さらに、WOMACサブスケールのプラセボ効果は、疼痛スケールでは5.39週間、こわばりスケールでは7.04週間、機能スケールでは7.08週間で有効性がプラトー(最大効果の90%)に達していた。したがって、WOMACサブスケールを主要評価項目に用いるOAの臨床試験において治験薬の有効性を正確に評価するためには、プラセボ効果が安定するまでの期間を加味した8週以上の治療期間が必要であることが示唆された。
サンプルサイズ、治験薬、NSAIDの使用割合に関連
またサブグループ解析では、プラセボ効果はサンプルサイズ、治験薬、NSAIDの使用経験がある患者の割合、論文の出版年にも関連していた。しかし、プラセボの剤形、Kellgren-Lawrence分類によるOAの重症度、人種・民族については、サブグループ間の典型的なプラセボ効果の90%CIが完全に重複していたため、プラセボ効果との関連は見られなかった。

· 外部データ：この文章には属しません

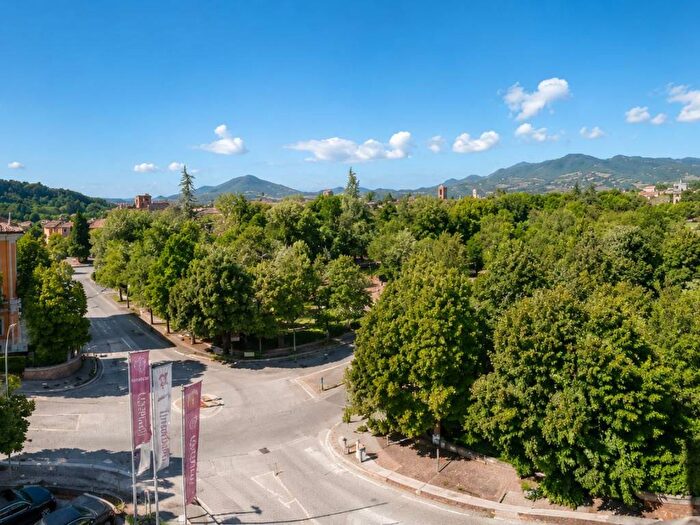 Appartamento con 6 locali in affitto in Viale Maggio, Centro, Fabriano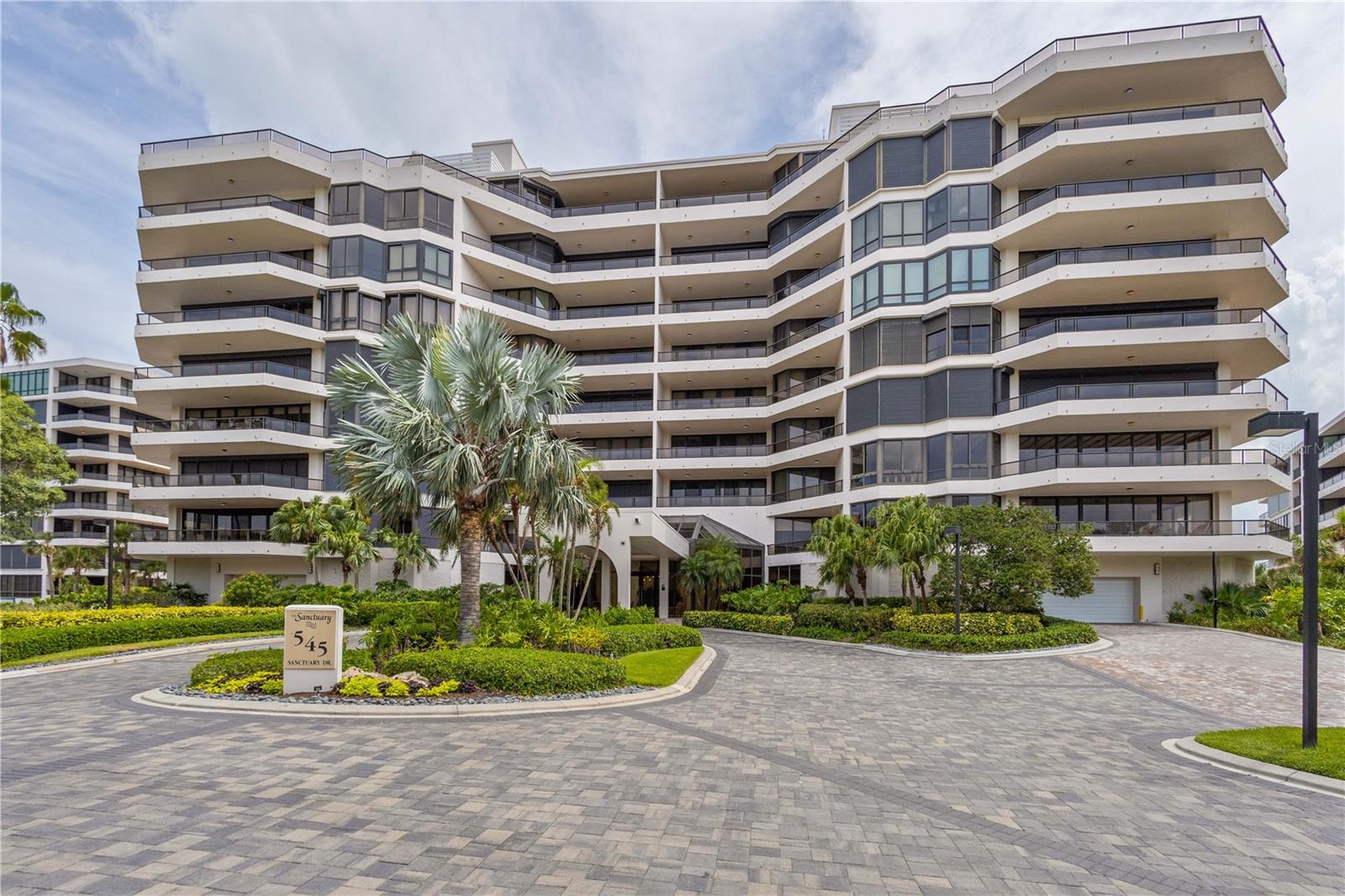 SANCTUARY III - Residential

これらの知見を踏まえ、Xin氏らは「今回の研究ではMBMA手法を使用して、さまざまな条件下におけるWOMACの疼痛、こわばり、機能のサブスケールに対する経口プラセボ効果の経時的変化を正確に推定できるOAの経口プラセボ効果モデルを構築した。このモデルはプラセボ効果を定量的に評価する有用なツールとなる可能性があり、将来の臨床試験デザインおよび臨床現場での意思決定において貴重な資料となる可能性がある」と述べている。